In the 2008 essay “Most Likely to Succeed” that appeared in The New Yorker magazine, Malcolm Gladwell looks at NFL quarterbacks, high school teachers and personal financial advisors in the top firms.  College quarterbacks experience rather high failure rates in the NFL.  School teachers see rather high retention even with varied results; the worst teachers cover ½ of a year’s material in an academic year while the best cover 1 ½ years material in the same amount of time.  Compare both of these with North Star Resource Group, a personal financial advisory firm, which has had over 56% of its advisors recognized by the industry as top advisors.

Gladwell paints a picture of recruiting with NFL quarterbacks on one end and teachers on another.  NFL recruiting is entirely experiential, with performance being personally observed by scouts.  The problem in this arena is that the game is different – the NFL has better, stronger and faster players and the play of a quarterback can’t be determined by simply watching what is fundamentally a different game (college).   Teachers, on the other hand, almost entirely without observation and based almost solely on their academic resume.  It turns out that the complexities of teaching is such that academic prowess is only one skill and others like personal interaction, emotional intelligence, and “withitness”, the ability to control the classroom, are just as important.

North Star Resource Group does their recruiting a little differently.  They interviewed 1,000 candidates, hired 49, put them through a four month training camp where only 23 graduated and then over the next three to four years expects to keep only at most 9 individuals from the original group. While this may seem harsh as we mentioned above the North Star Resource Group consistently gets great performers.

One implication for us as hiring managers is that perhaps the standards for hiring shouldn’t be raised but rather lowered.  Learning from both the NFL and teachers, perhaps we should lower our “offer” standards and evaluate more people on the job with the foreknowledge that we will cut them quickly.  We are clearly unable to predict future success based on past performance in a different environment (different employer, different culture, etc) and academic prowess alone isn’t likely to be a good indicator of job performance.  Clearly a couple hour interview will not net a better result.  Perhaps we should approach hiring, especially in “right to work environments” such as we have in the US more akin to the way we purchase cars:  take the employee for a test drive.

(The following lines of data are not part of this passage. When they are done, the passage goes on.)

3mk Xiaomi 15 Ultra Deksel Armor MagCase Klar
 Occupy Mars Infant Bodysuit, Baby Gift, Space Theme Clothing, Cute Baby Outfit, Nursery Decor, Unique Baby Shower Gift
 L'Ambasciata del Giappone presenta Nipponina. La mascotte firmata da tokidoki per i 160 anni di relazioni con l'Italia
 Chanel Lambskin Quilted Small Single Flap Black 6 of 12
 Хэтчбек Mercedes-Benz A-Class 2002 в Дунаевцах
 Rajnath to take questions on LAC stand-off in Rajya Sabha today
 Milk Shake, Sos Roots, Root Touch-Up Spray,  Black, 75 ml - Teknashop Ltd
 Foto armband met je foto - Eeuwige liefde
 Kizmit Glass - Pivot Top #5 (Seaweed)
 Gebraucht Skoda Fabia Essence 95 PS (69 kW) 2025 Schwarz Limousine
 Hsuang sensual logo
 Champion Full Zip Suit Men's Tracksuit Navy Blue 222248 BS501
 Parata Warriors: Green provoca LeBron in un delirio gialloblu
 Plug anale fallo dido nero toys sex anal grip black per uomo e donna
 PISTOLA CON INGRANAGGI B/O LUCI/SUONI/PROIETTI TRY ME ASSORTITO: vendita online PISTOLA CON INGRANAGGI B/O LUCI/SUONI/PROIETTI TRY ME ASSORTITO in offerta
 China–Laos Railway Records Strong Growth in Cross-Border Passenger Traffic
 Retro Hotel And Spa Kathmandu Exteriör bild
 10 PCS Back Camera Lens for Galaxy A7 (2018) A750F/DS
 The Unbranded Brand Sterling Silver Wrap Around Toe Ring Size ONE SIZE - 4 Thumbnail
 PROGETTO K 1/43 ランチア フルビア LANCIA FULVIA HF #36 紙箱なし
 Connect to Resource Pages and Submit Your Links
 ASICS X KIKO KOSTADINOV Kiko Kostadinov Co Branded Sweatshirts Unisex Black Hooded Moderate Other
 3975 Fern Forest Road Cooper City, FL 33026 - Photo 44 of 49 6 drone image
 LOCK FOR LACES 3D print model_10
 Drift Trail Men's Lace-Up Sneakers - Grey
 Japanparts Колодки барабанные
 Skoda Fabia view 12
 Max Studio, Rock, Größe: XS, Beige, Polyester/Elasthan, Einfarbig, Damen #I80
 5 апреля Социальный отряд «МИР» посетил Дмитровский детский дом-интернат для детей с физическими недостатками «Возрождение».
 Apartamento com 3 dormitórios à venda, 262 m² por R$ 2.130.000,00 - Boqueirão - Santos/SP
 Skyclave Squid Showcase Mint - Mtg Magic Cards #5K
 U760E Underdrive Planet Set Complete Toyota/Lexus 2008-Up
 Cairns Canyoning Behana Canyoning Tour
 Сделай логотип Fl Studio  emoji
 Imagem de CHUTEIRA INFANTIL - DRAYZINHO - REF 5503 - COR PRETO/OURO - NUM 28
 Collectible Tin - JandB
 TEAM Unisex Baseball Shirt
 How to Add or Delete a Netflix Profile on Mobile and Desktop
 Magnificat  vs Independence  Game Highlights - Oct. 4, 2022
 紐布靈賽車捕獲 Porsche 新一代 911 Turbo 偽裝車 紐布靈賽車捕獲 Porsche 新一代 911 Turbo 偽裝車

Said more simply, we should hire more people but make the cuts way faster. If you have read and implemented our model of seed, feed, and weed then you’re actually on the right track.  If you’ve allocated 33% to each phase, Gladwell’s hypothesis is that you might get better results with a ratio more like 10% seed, 45% feed, 45% weed. Continuing with the gardening analogy it would be like spreading a wildflower mixture of seeds, providing them with plenty of fertilizer and water, and removing the ones that don’t thrive in your garden.